CANBERRA - Australia is to extradite a British businessman to Singapore to face trial for a double murder after Australia's highest court on Tuesday rejected his bid to avoid being handed over.
Michael McCrea, 46, is accused of murdering his driver and his driver's girlfriend, whose bodies were found in a car parked at a Singapore shopping centre in January 2002.
Known for its tough stance on crime, Singapore mandates the death sentence for murder and drug trafficking. Australia is a staunch opponent of the death penalty and bans extradition of people who could face execution.
In June 2002, Singapore promised Australia it would not impose the death penalty if McCrea were found guilty.
Lawyers for McCrea asked the Australian High Court on Tuesday to block his extradition because Singapore's promise was unenforceable. They argued that it would therefore be illegal for Australia to hand the Briton over to Singapore authorities.
But three judges, at a special hearing in Melbourne, refused McCrea's application and supported a lower court ruling that the extradition could proceed.

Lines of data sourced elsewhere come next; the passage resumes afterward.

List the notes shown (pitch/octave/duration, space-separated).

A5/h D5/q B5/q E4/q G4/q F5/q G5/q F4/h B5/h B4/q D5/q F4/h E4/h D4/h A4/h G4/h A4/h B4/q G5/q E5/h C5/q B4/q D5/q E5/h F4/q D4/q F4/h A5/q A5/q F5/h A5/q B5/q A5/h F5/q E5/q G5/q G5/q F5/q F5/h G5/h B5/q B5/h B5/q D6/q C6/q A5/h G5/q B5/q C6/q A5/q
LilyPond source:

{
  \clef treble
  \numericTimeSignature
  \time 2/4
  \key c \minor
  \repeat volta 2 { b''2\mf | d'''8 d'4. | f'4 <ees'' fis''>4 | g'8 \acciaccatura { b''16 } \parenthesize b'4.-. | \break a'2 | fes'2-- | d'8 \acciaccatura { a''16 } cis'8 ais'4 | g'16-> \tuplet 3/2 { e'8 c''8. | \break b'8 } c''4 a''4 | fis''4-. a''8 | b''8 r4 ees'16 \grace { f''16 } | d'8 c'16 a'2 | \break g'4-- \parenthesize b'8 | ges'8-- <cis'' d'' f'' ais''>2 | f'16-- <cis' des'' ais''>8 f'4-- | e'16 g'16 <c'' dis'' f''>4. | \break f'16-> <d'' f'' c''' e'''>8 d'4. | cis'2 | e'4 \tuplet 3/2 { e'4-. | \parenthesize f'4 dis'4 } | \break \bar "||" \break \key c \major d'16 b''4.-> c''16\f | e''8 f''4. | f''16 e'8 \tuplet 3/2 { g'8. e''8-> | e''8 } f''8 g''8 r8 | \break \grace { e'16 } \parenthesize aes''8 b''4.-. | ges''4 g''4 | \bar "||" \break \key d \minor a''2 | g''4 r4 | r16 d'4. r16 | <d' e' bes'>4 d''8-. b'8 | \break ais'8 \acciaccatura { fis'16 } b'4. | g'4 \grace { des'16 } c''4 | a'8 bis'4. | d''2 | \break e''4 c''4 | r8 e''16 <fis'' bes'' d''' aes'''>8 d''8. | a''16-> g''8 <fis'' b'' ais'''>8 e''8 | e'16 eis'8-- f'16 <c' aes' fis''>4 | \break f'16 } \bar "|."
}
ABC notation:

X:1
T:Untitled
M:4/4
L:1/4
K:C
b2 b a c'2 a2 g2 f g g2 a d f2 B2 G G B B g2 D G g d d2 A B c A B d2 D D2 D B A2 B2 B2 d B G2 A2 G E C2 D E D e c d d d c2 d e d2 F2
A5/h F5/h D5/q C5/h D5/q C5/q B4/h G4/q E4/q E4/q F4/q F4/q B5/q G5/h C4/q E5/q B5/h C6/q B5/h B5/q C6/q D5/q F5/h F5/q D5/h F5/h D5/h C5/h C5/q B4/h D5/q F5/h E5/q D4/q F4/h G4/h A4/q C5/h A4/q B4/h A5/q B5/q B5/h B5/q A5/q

Singapore authorities will now travel to Australia to escort McCrea back to face trial. Australian Justice Minister Chris Ellison said his decision to allow the extradition would be carried out.
"As Mr McCrea has exhausted his avenues of appeal, my decision of the 7th of September -- that Mr McCrea be extradited to Singapore -- will be implemented," Ellison said in a statement.
In a case that shocked relatively crime-free Singapore, Kho Nai Guan was strangled and stuffed into a wicker basket placed on the back seat of his own car. The strangled body of Lan Ma Ying, the chauffeur's girlfriend, was left in the car boot.
The two cloth-wrapped bodies were found after a passer-by alerted security guards to a foul smell coming from the vehicle.
McCrea, a Singapore financial adviser originally from Nottingham in England, was detained in Australia for suspected visa violations and arrested in June 2002.
His Singaporean assistant, Audrey Ong, then 23, pleaded guilty in February 2003 to helping dispose of the bodies. She is now serving a 12-year sentence in a Singapore prison.
Australia carried out its last execution in 1967 and abolished the death penalty nationwide in 1985 after various states and territories had done so.
Singapore caused a diplomatic storm in 1994 when it ignored Western appeals and hanged a Dutchman for trafficking heroin.